* **EXERCISE**:
Give the records back exactly as written, but without the images.

::: DATASET RECORDS :::

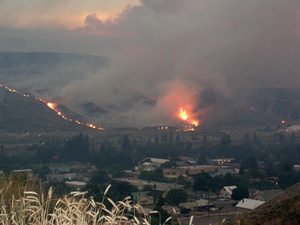 Okanogan fire 1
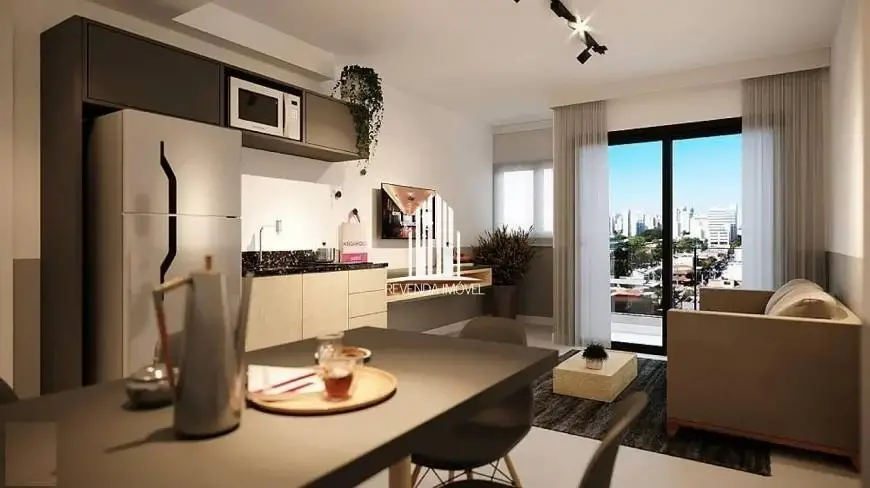 Foto 3 de Apartamento com 1 Quarto à venda, 24m² em Vila Olímpia, São Paulo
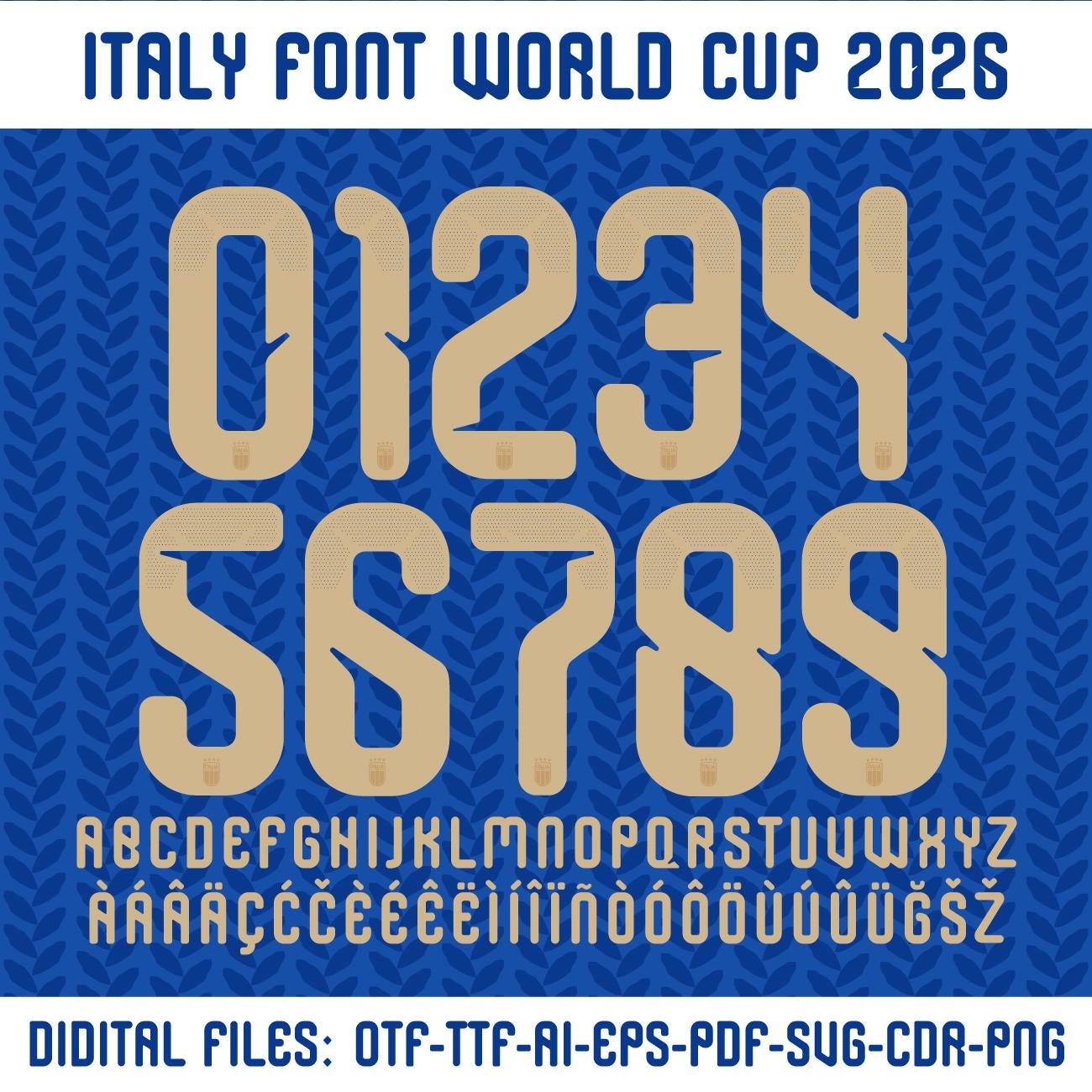 Eine Reihe von Zahlen mit Blume 303376 Vektor Kunst bei Vecteezy, image size:1300x1300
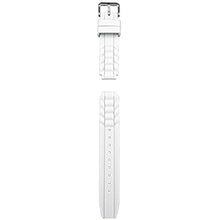 Load image into Gallery viewer, VibraLite Mini White Silicone Replacement Watch Band
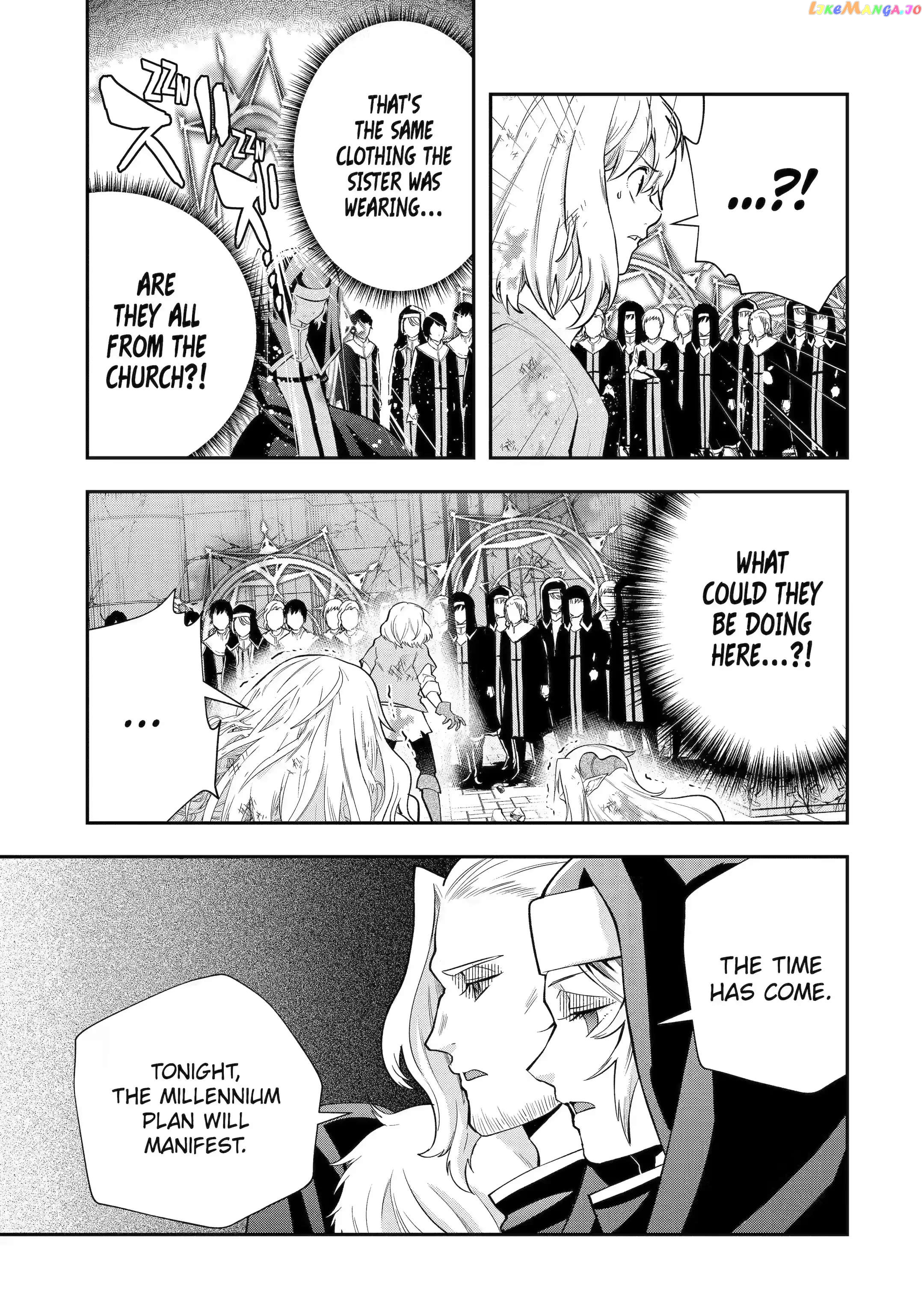 That Inferior Knight, Lv. 999 chapter 24.2 - page 8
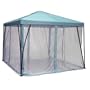 Southern Patio GAZ-440876 10-Feet by 10-Feet Gazebo with Net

:::

* **SOLUTION TO THE PROBLEM**:
 Okanogan fire 1
 Foto 3 de Apartamento com 1 Quarto à venda, 24m² em Vila Olímpia, São Paulo
 Eine Reihe von Zahlen mit Blume 303376 Vektor Kunst bei Vecteezy, image size:1300x1300
 Load image into Gallery viewer, VibraLite Mini White Silicone Replacement Watch Band
 That Inferior Knight, Lv. 999 chapter 24.2 - page 8
 Southern Patio GAZ-440876 10-Feet by 10-Feet Gazebo with Net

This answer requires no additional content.